The steel structure consists of 450.000 members and allows for high earthquake loads. Cross bracings are providing high level of stiffness, all other members are following the diagrid in order to achieve a maximum transparency of the facade.
Image by Leonardo Finotti
State Opera House, Berlin (Germany)
The reconstruction of the state opera house "Staatsoper Unter den Linden” (1741, Georg Wenzeslaus von Knobelsdorff) included improving the acoustics of the concert hall. First and foreground was the optimisation of the reverberation time. For this purpose the top floor ceiling was lifted by 5.0m. Creating additional space between the upper stands and the ceiling to fit a reverberation gallery comprising reflective and sound absorbing components. To form a visual space partition a mesh of fibre reinforced phosphate ceramics with a dimension of 250 m² has been installed in front of the wall cladding. The mesh size varies according to the parametric geometry formation from approx. 20cm side length to the surface areas without recesses at the upper edge with diameters of 3.5cm. A CNC five-axes robot milled the shapes out of a dense foam. This is followed by casting the ceramic matrix reinforced with glass-fibres. The multiple centre curve geometry allows for a segmental prefabrication of identical components with max. dimensions of 3.5 x 4.0m.

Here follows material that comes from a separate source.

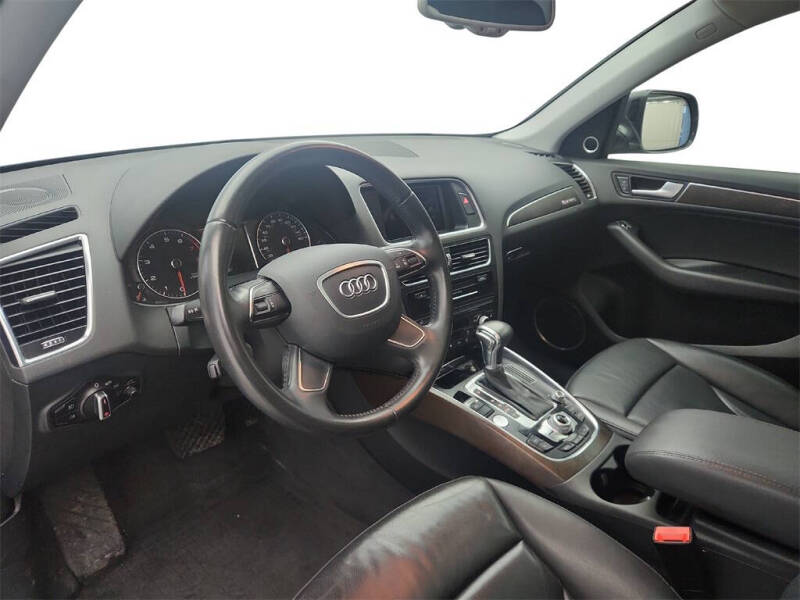 2014 Audi Q5 2.0T quattro Premium Plus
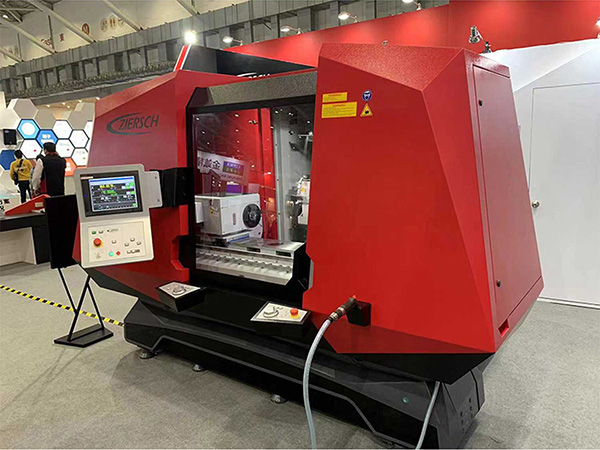 硬軌數(shù)控車(chē)床具有自動(dòng)化程度高，編程簡(jiǎn)單等優(yōu)點(diǎn)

Since material behavior and mechanical properties have not been investigated before extensive testing series and research was necessary and conducted in collaboration with the Institute for Building Structures and Design (ITKE), University Stuttgart.

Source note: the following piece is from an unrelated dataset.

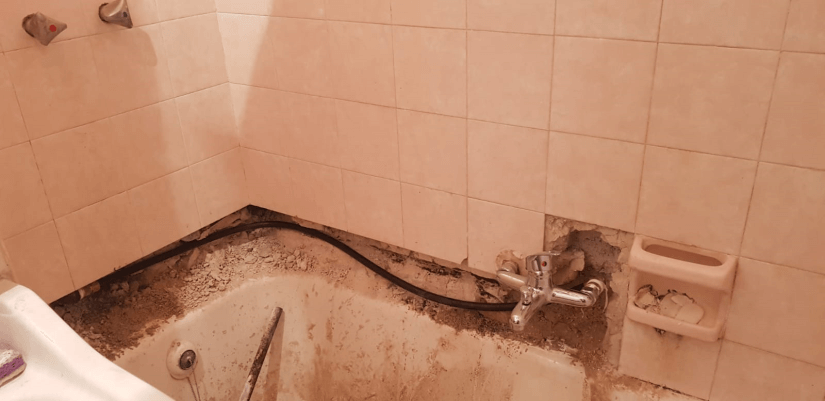 איתור והחלפת צינור בחדר אמבטיה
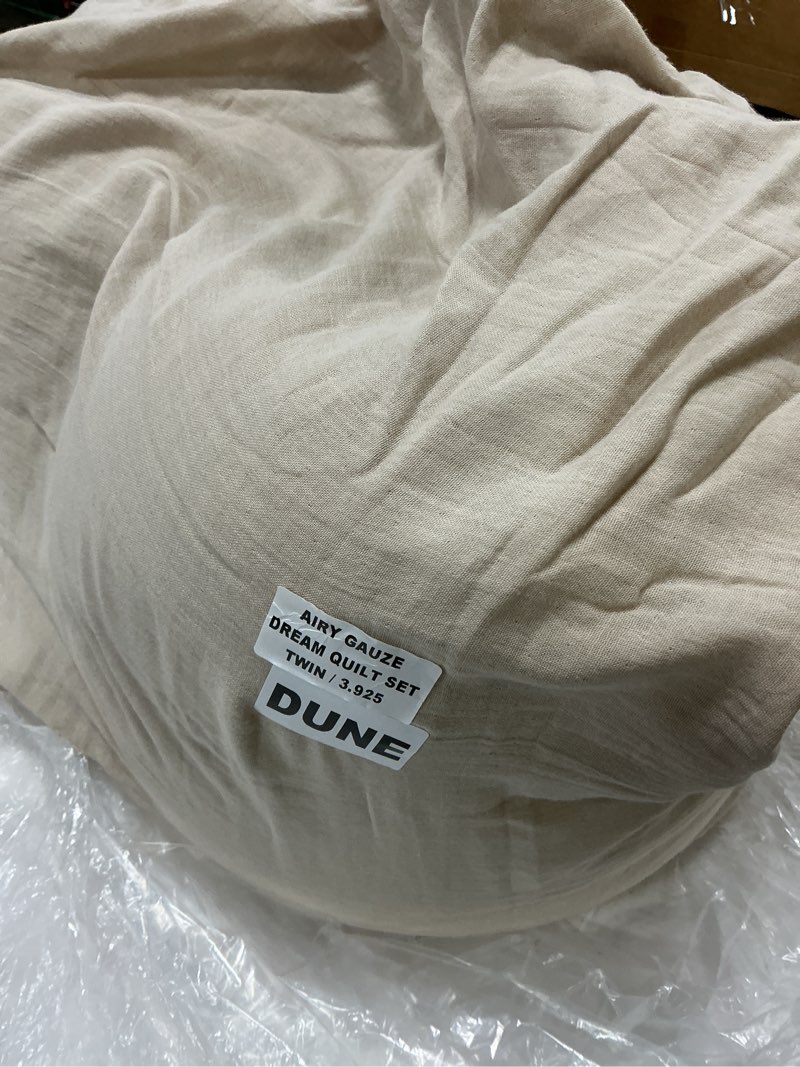 Condition photo showing Good Condition for airy gauze dream quilt twin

Peek & Cloppenburg Flagship Store, Cologne
The architect Renzo Piano designed a glazed dome for the textile company "Peek & Cloppenburg“. It features a skin consisting of 6,800 individual overlapping glass panes.
The five-storey department store in the inner-city Cologne is entirely wrapped into the free-formed facade shell. The vertically arranged trusses of wood slats and the horizontally running facade tubes are linked to the shell structure by diagonally stretching cables. The number of wood slats are graded from floor to floor according to the strain. The trusses of wood slats made of Siberian larch were completely prefabricated. Supporting the shell structure on just a few rigid positions of the carcass enables an almost complete isolation from distortion forces. On the forth floor the façade shell is attached by consoles. In order to maintain the impressive effect of the facade also inside, the ceilings do not touch the glass skin.
Image by Marcus Ebener
Trumpf Smart Factory, Chicago / USA
The new Trumpf showroom located in Chicago showcases machines used for sheet metal processing. Accordingly, both structure and façade of the building demonstrate, in an exemplary way, the wide spectrum of possibilities for the utilization of steel.

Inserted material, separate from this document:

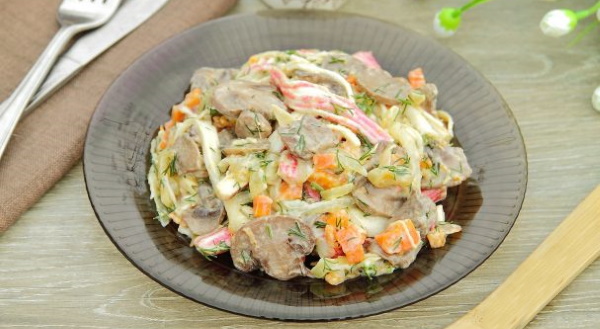 Салат постный с крабовыми палочками, рыбой, фасолью, грибами, кальмарами. Рецепты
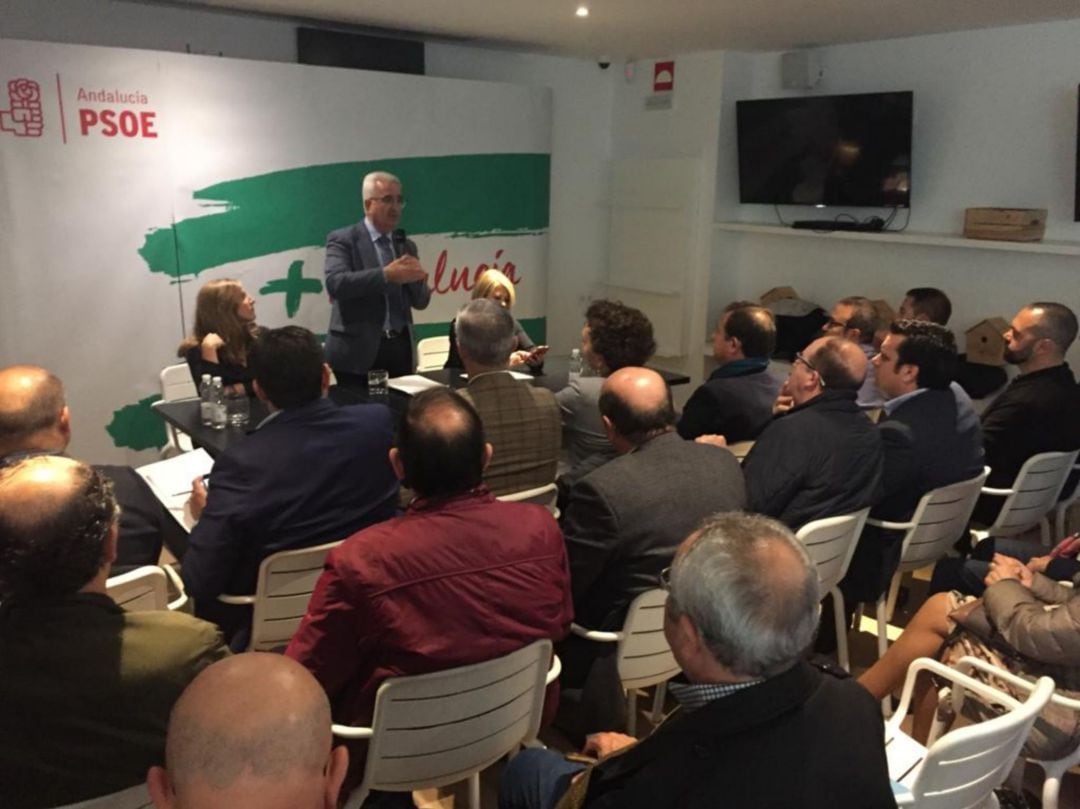 Manuel Jiménez Barrios, durante un acto con empresarios en Jerez de la Frontera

The main hall’s roof structure consists of Vierendeel trusses, which rest upon thin stilts. The trusses consist of laser cut metal sheets and support the roof as well as a ‘skywalk’ spanning the production hall offering visitors a bird’s-eye-view of the machines.
The façade is formed of vertical double-T-beams made from Corten steel positioned on the building’s exterior. Thermally insulated spacer elements ensure a firm connection between the steel beams and the aluminum curtain wall façade. The slim appearance of the façade was achieved by transferring the wind loads to the primary steel construction.
The same applies to the minimized detailing of the parapets as well as all connections, which could be developed discretely, thus focusing on the essential, defining aspects of the building.